There are at least five reasons to value difficult times:
They force you to look at yourself in new ways. When I found myself “impacted” (a euphemism for losing your job and having to find another one in the company if you didn’t want to get laid off) at work years ago I had to rethink my career path. Losing my job transformed what I thought my future might be and gave me the opportunity to pursue a promising new career.
They sharpen your decision-making. A CEO once told me that the hardest time to lead is during good times. He said so with authority, having just taken over a company that had plunged from seeming invulnerability to layoffs, lawsuits, and lethargy. When resources are plentiful and there are many options it is easy to squander competitive advantages and to be lackadaisical about wasting assets. That is as true for an individual and a country as it is for a company. When times are difficult we are forced to sharpen the pencil and make hardnosed decisions. Away with the horse-drawn plow, essential in earlier times but only an anchor now, holding us back. Out with the excess and the unnecessary in our lives and our organizations. In with what brings life and growth and value.
They motivate you to be your best, if you want to survive. I hate to admit it, but for a period of my career I was a survivor – just sitting on my hands hoping not to be noticed. (Confession can be cleansing.) Instead of exercising my initiative and taking the risks needed to become my best I was a turnip. When I realized that I might be out of a job (see They Force You To See Things In New Ways above….) I got off my duff. I had a family with two young children to support. I went back to school. I set ambitious goals. I worked hard to become more than someone just drawing a paycheck.
They can build character. It is true that hard times can bring out the worst in people, who sometimes become selfish, manipulative, and destructive. Instead, use adversity as an opportunity to develop willpower, graciousness, forgiveness, charity, honesty, and all those qualities your minister told you about when you were growing up, but which you may have forgotten along the way.

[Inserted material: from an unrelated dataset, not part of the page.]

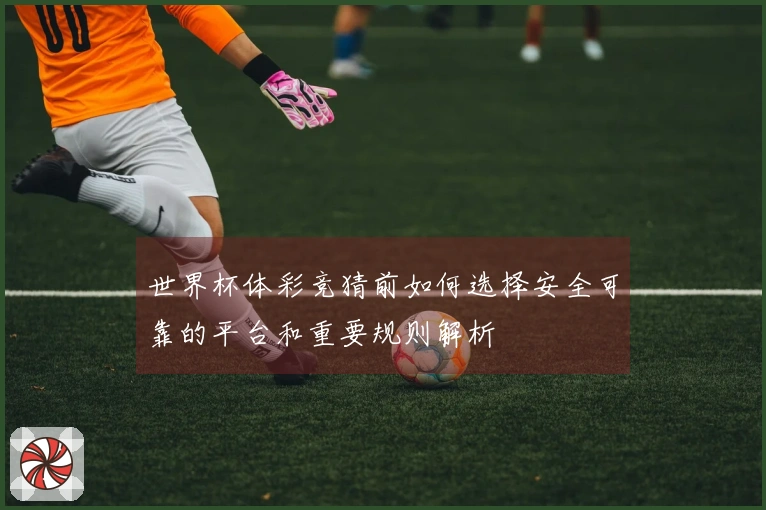 世界杯体彩竞猜前如何选择安全可靠的平台和重要规则解析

Difficult times create opportunities. While everyone else is feeling sorry for themselves, look for jobs created by merged organizations, businesses needed as others exit the marketplace, and people who are now open to collaboration where once they weren’t. Fill vacuums in the chaos, move forward while others resist change, and make yourself seen as the “can-do” person leaders need when everything else is a mess.
No one asks for tough times, yet adversity can have value if approached in the right spirit. These are just five reasons to value difficult times – if you think about it you’ll discover more.
Humans are amazing creatures – we are forged in the crucible of life. Now is the time to let our fire burn white hot.